# My homemade capstan rope winch



## #1Scout




----------



## #1Scout

I made it using an old tractor strapwheel gearbox ...


----------



## Hoodoo Valley

Nicely done!


----------



## BigT

Hello #1Scout, welcome to the tractor forum.

Very nice. Obviously, you have a project that you plan to use it on.


----------



## Thomas

Interesting.


----------



## #1Scout

BigT said:


> Hello #1Scout, welcome to the tractor forum.
> 
> Very nice. Obviously, you have a project that you plan to use it on.
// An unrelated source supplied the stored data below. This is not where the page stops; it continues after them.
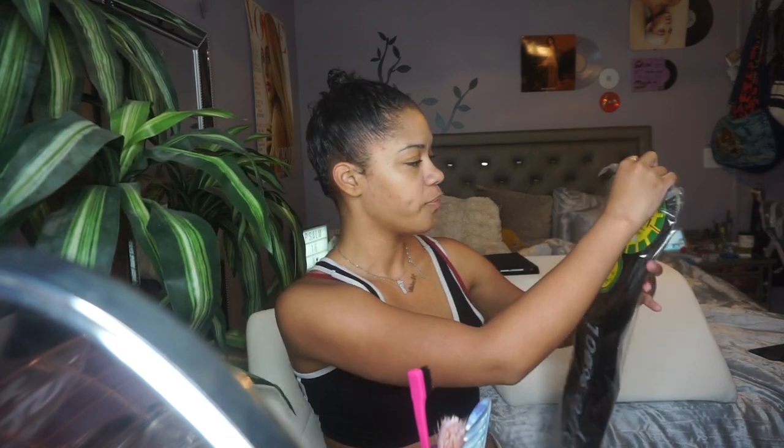Oh my god, I got it into a ponytail! I could not do this last time. I want to see if spraying got-to-be on it will help, but I'm not sure if I want to do that now or after putting the ponytail extension on. I'm going to find some more hair ties real quick and then we're going to do this.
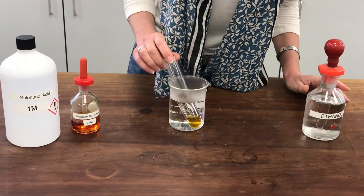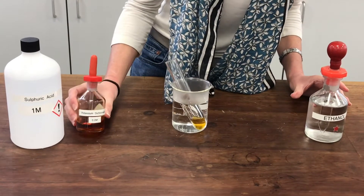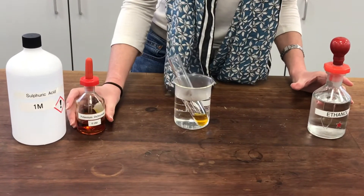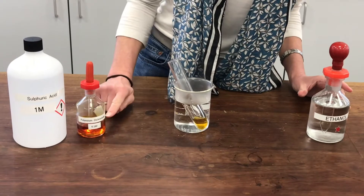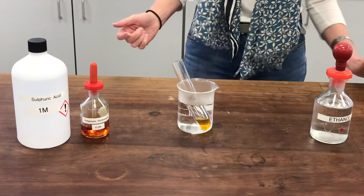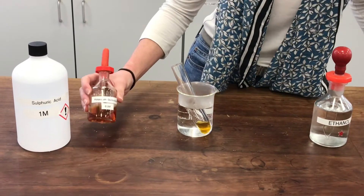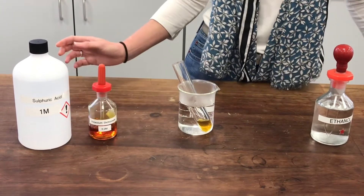I'm hoping to see a colour change, and that will show me that the potassium dichromate has done its job — it has oxidised the alcohol, and in the process the potassium dichromate itself will have been reduced. So we'll see it change to a green colour, to indicate the formation of chromium 3+.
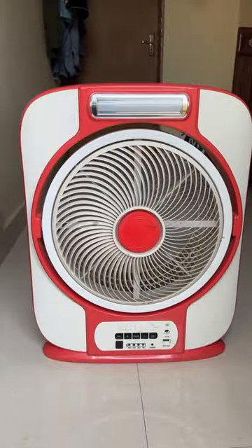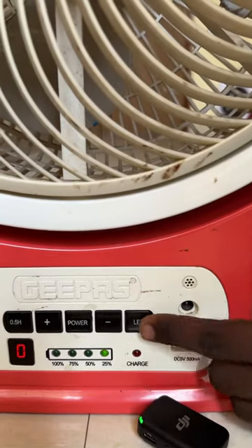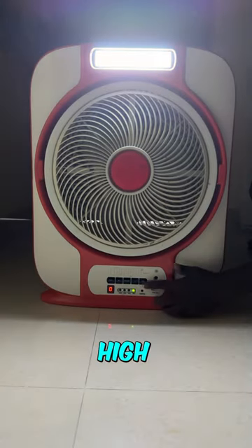If you click on the power button, we can adjust the fan speed to the same level. If you click on the LED button, we can adjust the brightness.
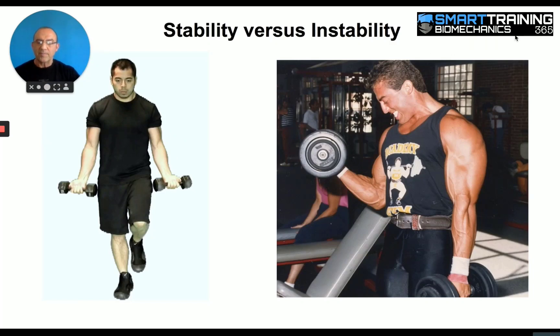Stability versus instability. This is a physics-related component. The figure on the left is a guy doing curls with one leg, and that's me doing a curl with two legs on the ground. You don't have to experiment to discover this yourself — intuitively you would know. There's no way you can work your biceps as hard and as heavy standing on one leg as you would standing on two legs. Stability is required in order to maximally load the target muscles, which in this case would be the biceps.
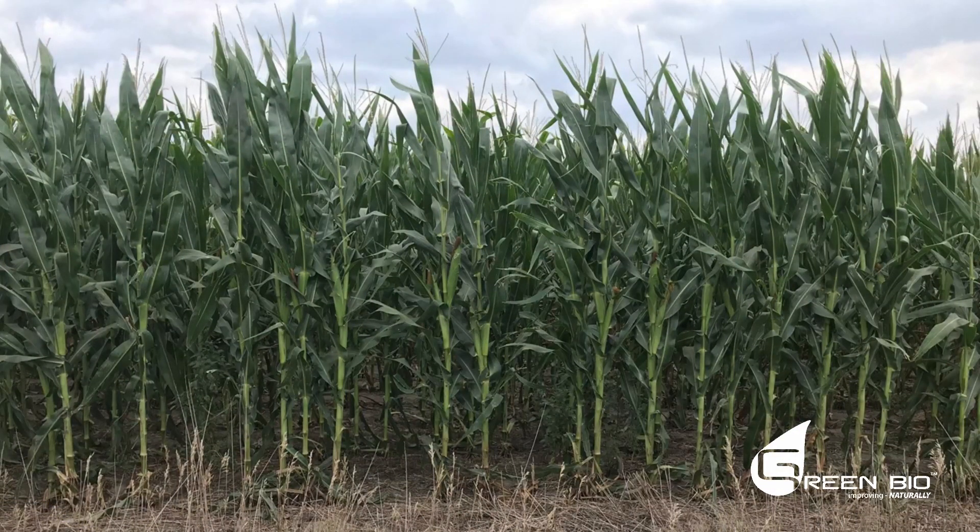His neighbor has never baled — he leaves residue in place. If you don't have enough residue or cover on the field, how do you create more?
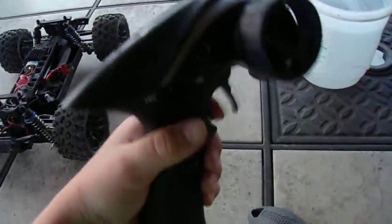I'm going to show you my RC car. That's the battery, motor, and everything else. That aside, that's my controller.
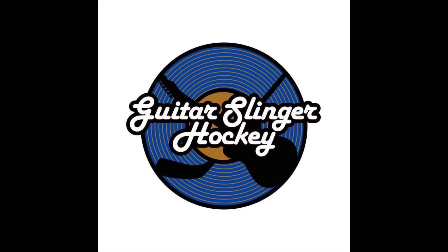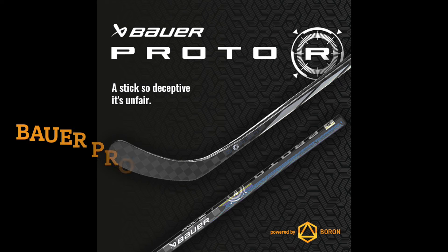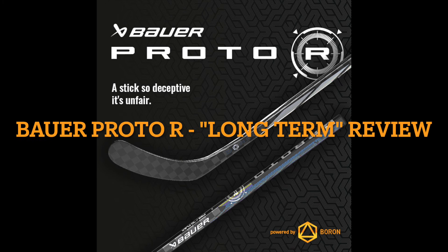Today on the Guitar Slinger Hockey Channel we have the new Bauer Proto — which I'm calling the Bauer Bummer. In today's video, you can obviously tell from the title, I'm not super impressed with the stick, but it might not be for the reasons you're thinking about. I'm going to give you the performance that I observed, as well as why I'm referring to the stick as a bummer.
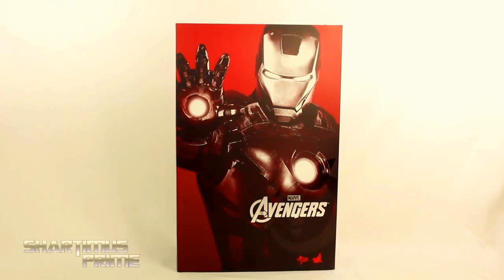Hey, what's up you guys? Shardamiss Prime here, doing another Hot Toys figure review on the Avengers Movie Mark VII Iron Man 1/6 scale collectible figure. I have to give a huge thanks to Javon for making this happen! He sold me this figure for dirt cheap, so much so I'm just calling it a birthday gift.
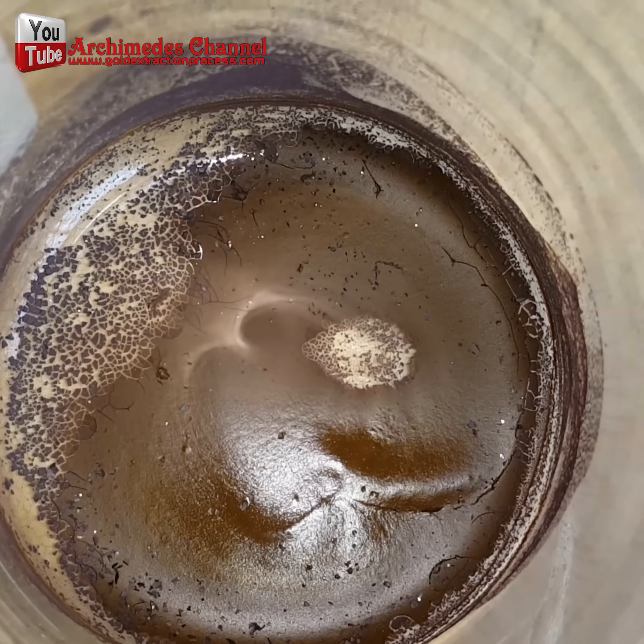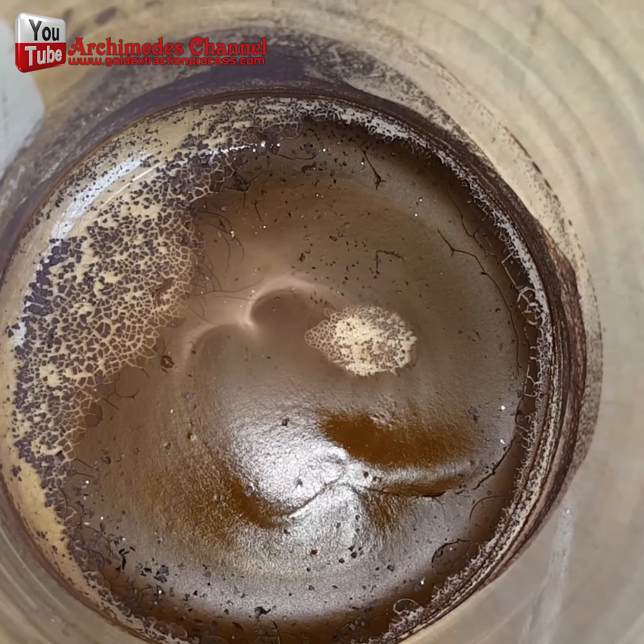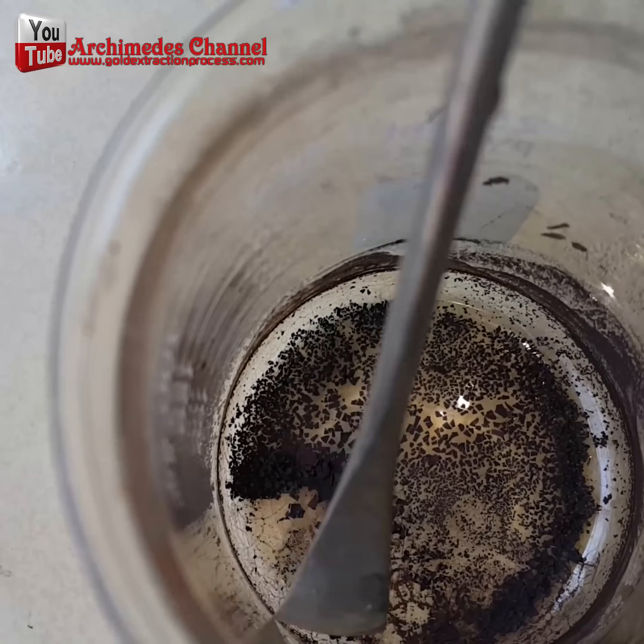Then, I completely dried the gold sediment out with a careful use of a hot air blowgun.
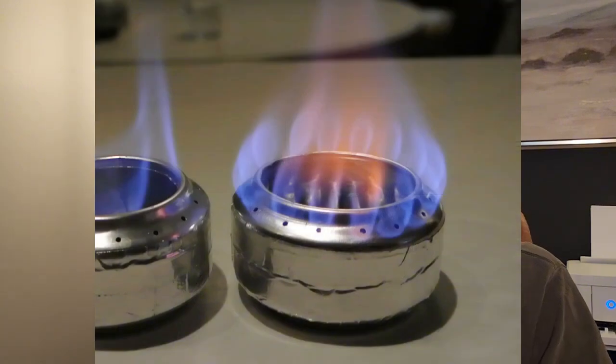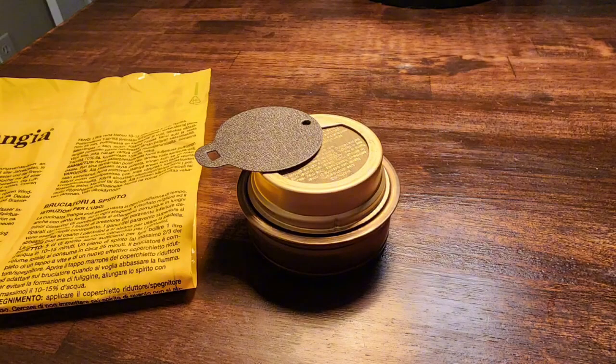You can always bring extra canisters if you're going more than four or five days. The second category is the Trangia spirit burner, also known as an alcohol stove. You may have seen people build these out of pop cans. This one is really nice because it comes with a bag to prevent leaking and keep things clean. It's basically like a tin can with some really nice features — there's a little lid you can pop off for airflow.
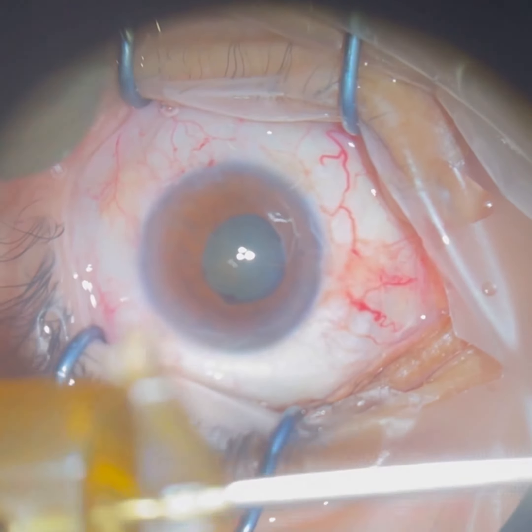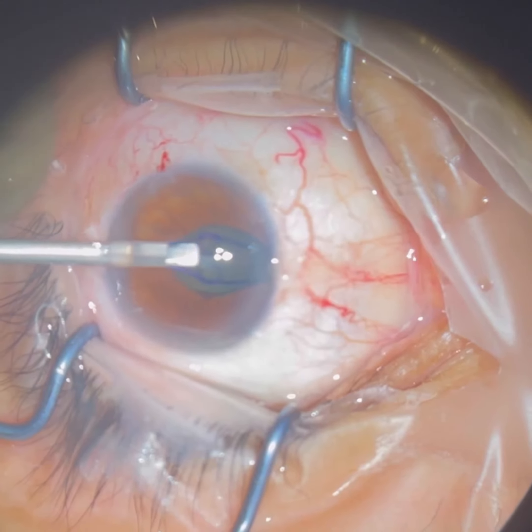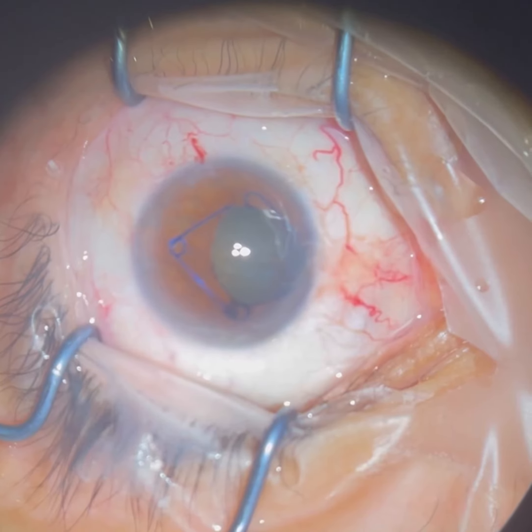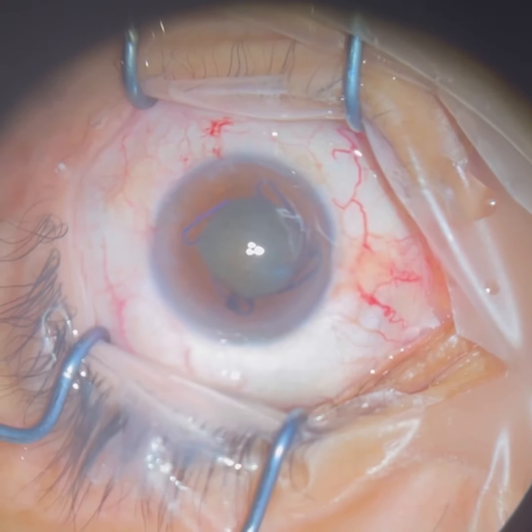What we just saw is us breaking up that scar tissue, and now we're inserting a dilating device called a Malugan ring. This is a device that opens the iris up for us so that we can safely do the cataract surgery.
Yes ...... I plan to haul logs on my woodlot and this will make it a bit easier for the ''old fellow'' ...


----------



## deerhide

Sounds like a good idea. What you gonna hook the chokers onto?


----------



## geoff l

Interesting idea, looking forward to seeing how well it works, and any modifications you make.


----------



## Yukon 60

Nice rig! Did you ever consider adapting say a garden tractor rim to that shaft? It should give you even more pulling power. How did the unit work?


----------



## bontai Joe

Pretty ingenious! Please be careful with your fingers. You a kinda far from the controls while working back there and might have some difficulty shutting it off if you get caught up in it.


----------